Carol Platt Liebau is editorial director and a senior member of theOneRepublic and CaliforniaRepublic editorial board. She is an attorney, political analyst and commentator based in San Marino, CA, and has appeared on the Fox News Channel, MSNBC, CNN, Orange County News Channel, Cox Cable and a variety of radio programs throughout the United States. A graduate of Princeton University and Harvard Law School, Carol Platt Liebau also served as the first female managing editor of the Harvard Law Review. Her web log can be found at CarolLiebau.blogspot.com [go to Liebau index]

The “Crimson” Letter
Harvard Law School’s Badge of Shame...
[Carol Platt Liebau] 12/13/04

Harvard Law School has always been in the vanguard. It is America’s oldest law school; it pioneered the case method of teaching law, and was the first to adopt a loan forgiveness program for those who enter the public interest field. Once again last week, the law school made news for being in the vanguard. But this time, it is in a way that is unworthy of its venerable heritage.
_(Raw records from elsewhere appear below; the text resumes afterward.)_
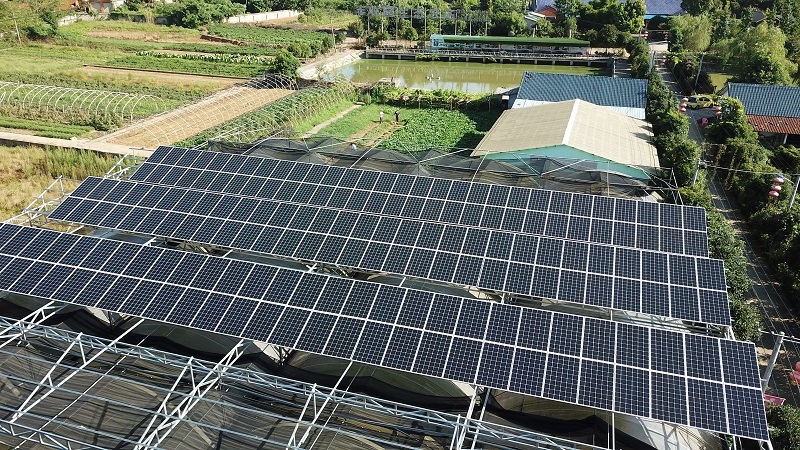 [ũ�⻥��]��ɳ���Ƿ���԰49.5KW���������Ŀ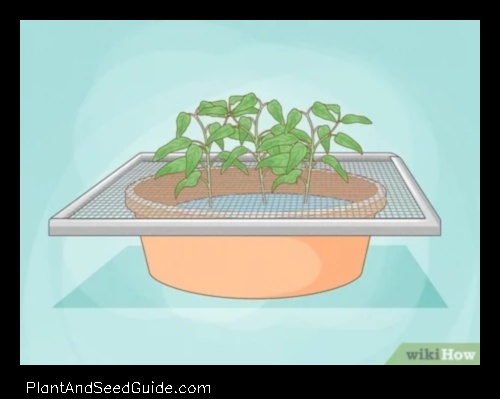 how to plant kangkong
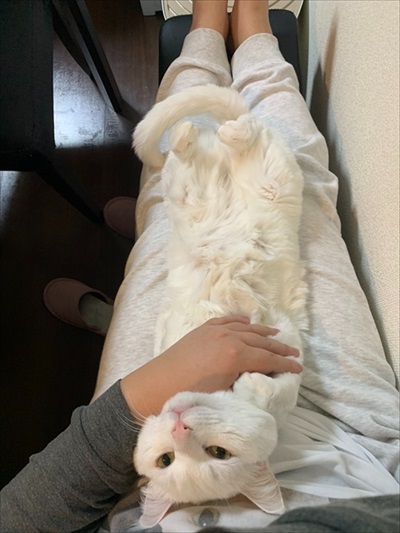 仕事が遅くなる理由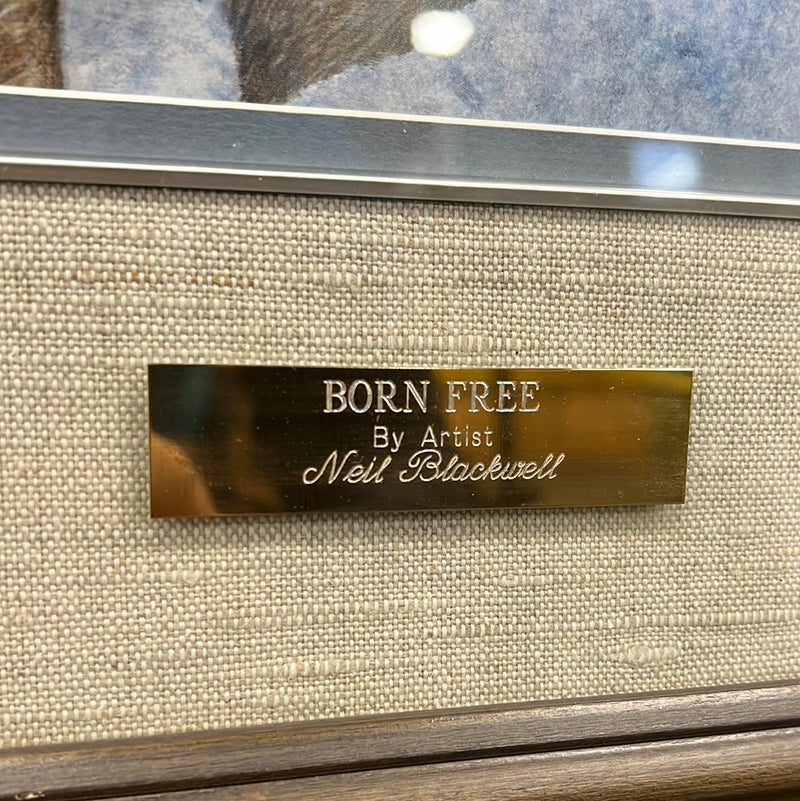 'Born Free' by Neil Blackwell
After a ruling from the Third Circuit Court of Appeals in Pennsylvania, Harvard became the first school to reinstate a ban on military recruitment on campus. Until this ruling, the law school had been required to allow on-campus recruiting because of the Solomon Amendment, a law that made Harvard’s federal funding dependent on its allowing access to the military. The Amendment was passed in 1994 because Harvard, like many other “elite” universities, had determined that the military’s “don’t ask / don’t tell” policy on homosexuals in the military (signed into law by Democrat Bill Clinton) constituted a violation of the school’s non-discrimination policy.

The Third Circuit (which doesn’t cover Massachusetts, by the way) held that the Amendment infringed on the law schools’ free speech rights by, in effect, forcing them to articulate an opinion (the military’s) contrary to their own. Of course, the argument is specious. Allowing military recruitment on campus doesn’t constitute an endorsement by Harvard of the military or its views, any more than allowing Mark Geragos to recruit on campus means that Harvard believes that Scott Peterson or Michael Jackson is innocent. In fact, the Solomon Amendment doesn’t force Harvard to speak at all – it only mandates that Harvard must itself tolerate military speech on its oh-so-tolerant, oh-so-diverse campus.

Nor, contrary to what the Third Circuit held, is this a case where withholding federal funds would constitute an “unconstitutional condition.” After all, the Solomon Amendment didn’t force any university to admit or to agree with military recruiters; it simply declined to shower taxpayer money on those that decided to exclude them. Now, however, Harvard gets to have it both ways – it can treat the guarantors of America’s freedom as second class citizens, even as it continues to feast at the government trough.

Harvard’s reaction to the Third Circuit holding sums up better than anything, perhaps, the state of liberalism in America today. No one can deny that Harvard has the right to expel the military from its campus – but then it should be willing to accept the consequences, namely, the denial of federal funds. Rather than being honorable and consistent, however, Harvard was never willing to “pay for its principles” by declining the federal money when it was conditioned on military access. Apparently, Harvard will only demonstrate its moral commitment to gay rights when it won’t cost anything to do so. It’s moral vanity on the cheap.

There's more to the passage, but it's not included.